→ **What to do**
Using the data below, print exactly the line with "Nikita Mirzani pamer", the line with "Ford Kuga III Headlight/headlamp", and every line between them, but none of the pictures.

→ **Study material**
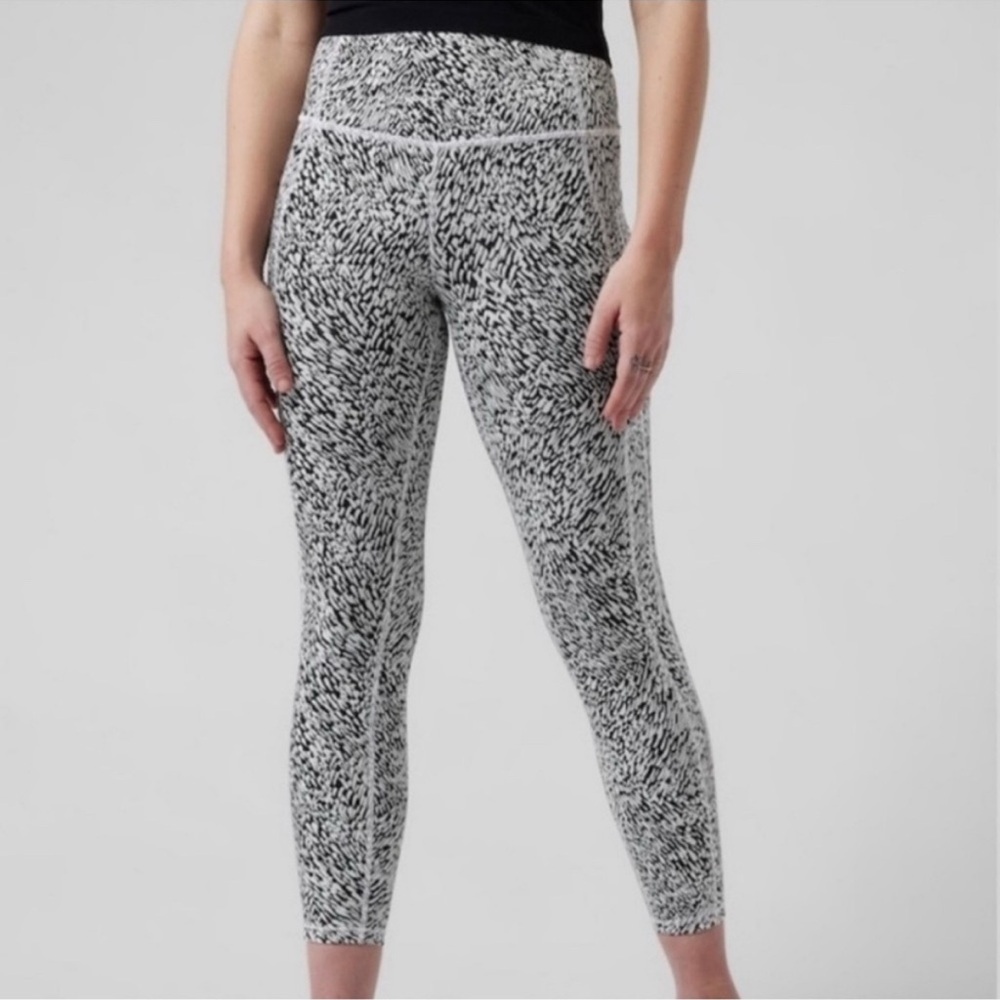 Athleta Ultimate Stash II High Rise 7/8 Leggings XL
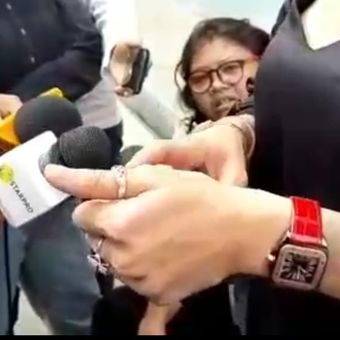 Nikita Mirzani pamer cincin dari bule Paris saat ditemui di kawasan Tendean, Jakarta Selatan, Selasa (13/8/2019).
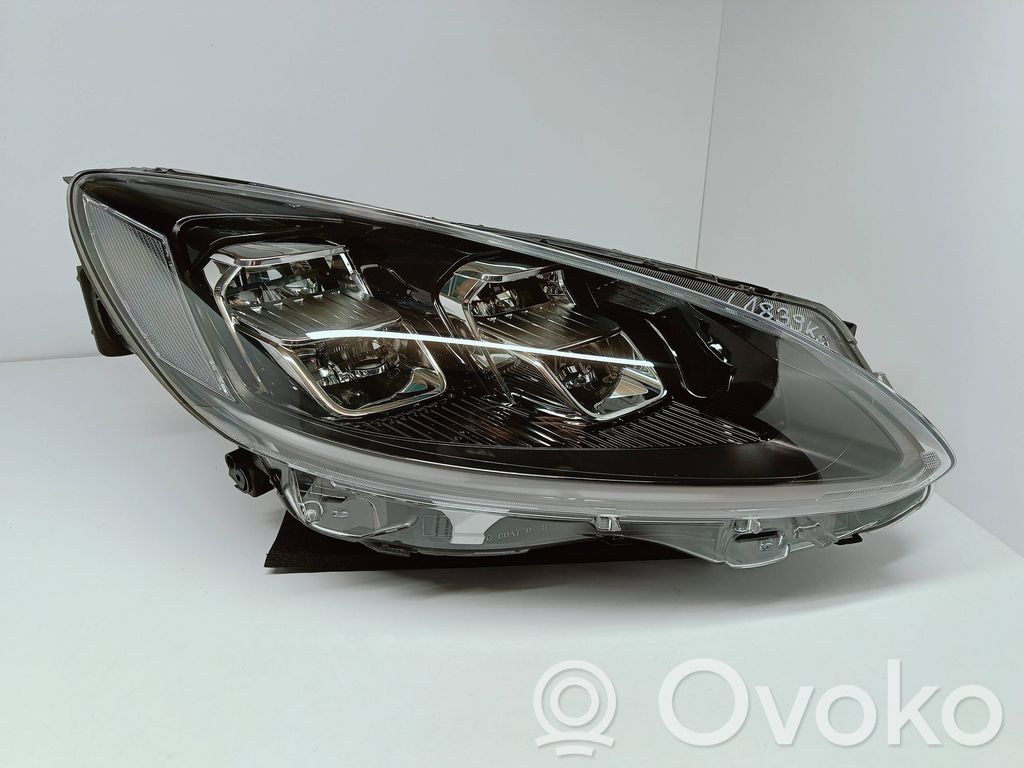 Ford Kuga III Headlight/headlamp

---

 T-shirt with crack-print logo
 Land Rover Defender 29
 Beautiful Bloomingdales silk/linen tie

→ **Completed task**
 Nikita Mirzani pamer cincin dari bule Paris saat ditemui di kawasan Tendean, Jakarta Selatan, Selasa (13/8/2019).
 Ford Kuga III Headlight/headlamp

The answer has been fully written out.